この効果は、スルーフォーカルチルトシリーズの高周波領域が強調表示されると、さらに顕著になります。高周波情報は結合された画像の大部分にまたがっており、スルーフォーカルチルトシリーズが適切に処理されていることを示しています。一度習得すると、画像処理部分は、選択したアライメントと再構成のパラメータにもよりますが、約3〜4時間で完了します。
この手順を試行する際には、最終的な再構成の品質が以前のアライメントテストの品質に大きく依存することを覚えておくことが重要です。このビデオを見た後、焦点チルトシリーズの収集方法と画像処理の実行方法について十分に理解しているはずです。
完全なトランスクリプトを表示し、数千本の科学動画にアクセス
本レポートでは、厚い生物試料の走査透過電子トモグラフィーを行うための試料調製プロトコルと特定のイメージング条件について記述します。本手法は、被写界深度の回復を伴う三次元再構成を実現することを目的としており、構造生物学における重要な課題に取り組むものです。
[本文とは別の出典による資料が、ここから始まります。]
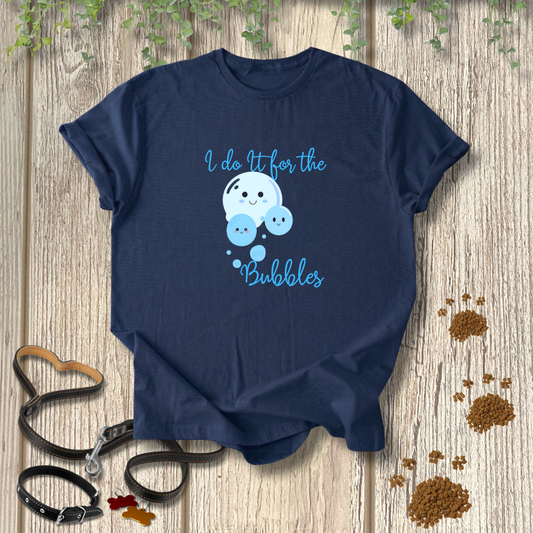 Bubbles T-shirt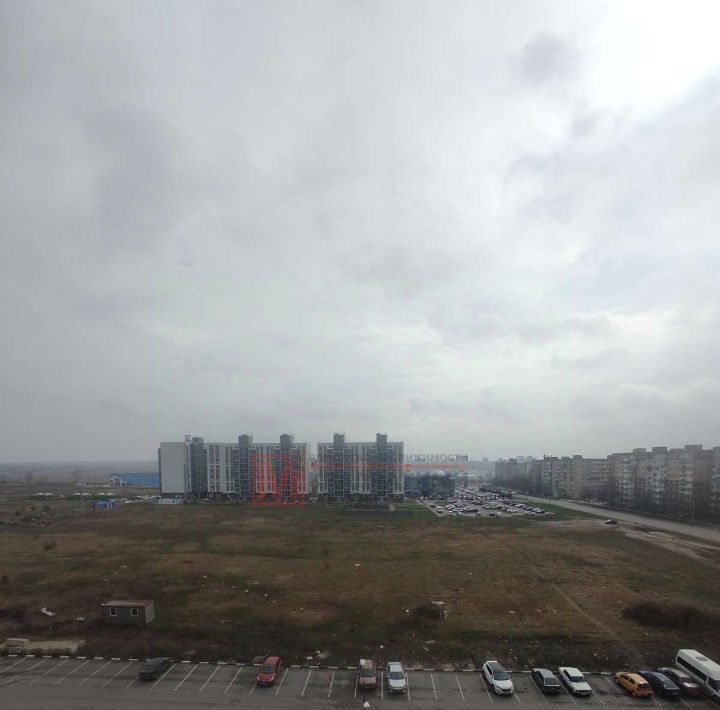 квартира г Старый Оскол Центральный микрорайон 4А фото 15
この手法では、厚い生物学的試料の高解像度3Dイメージングが可能となり、薬物標的の特性評価や作用機序研究における構造生物学研究を支援します。スルーフォーカル・ティルトシリーズによって被写界深度を回復させることで、従来の電子顕微鏡法では困難であった複雑な試料のデータ品質を向上させます。このアプローチは、表現型の観察に対して詳細な超微形態学的コンテキストを提供することにより、標的バリデーションにおける予測の信頼性を高めます。
この手法は、ターゲットのバリデーションから前臨床評価に至る創薬の連続的なプロセスに組み込まれており、リード化合物の最適化および安全性評価に寄与する構造的な知見を提供します。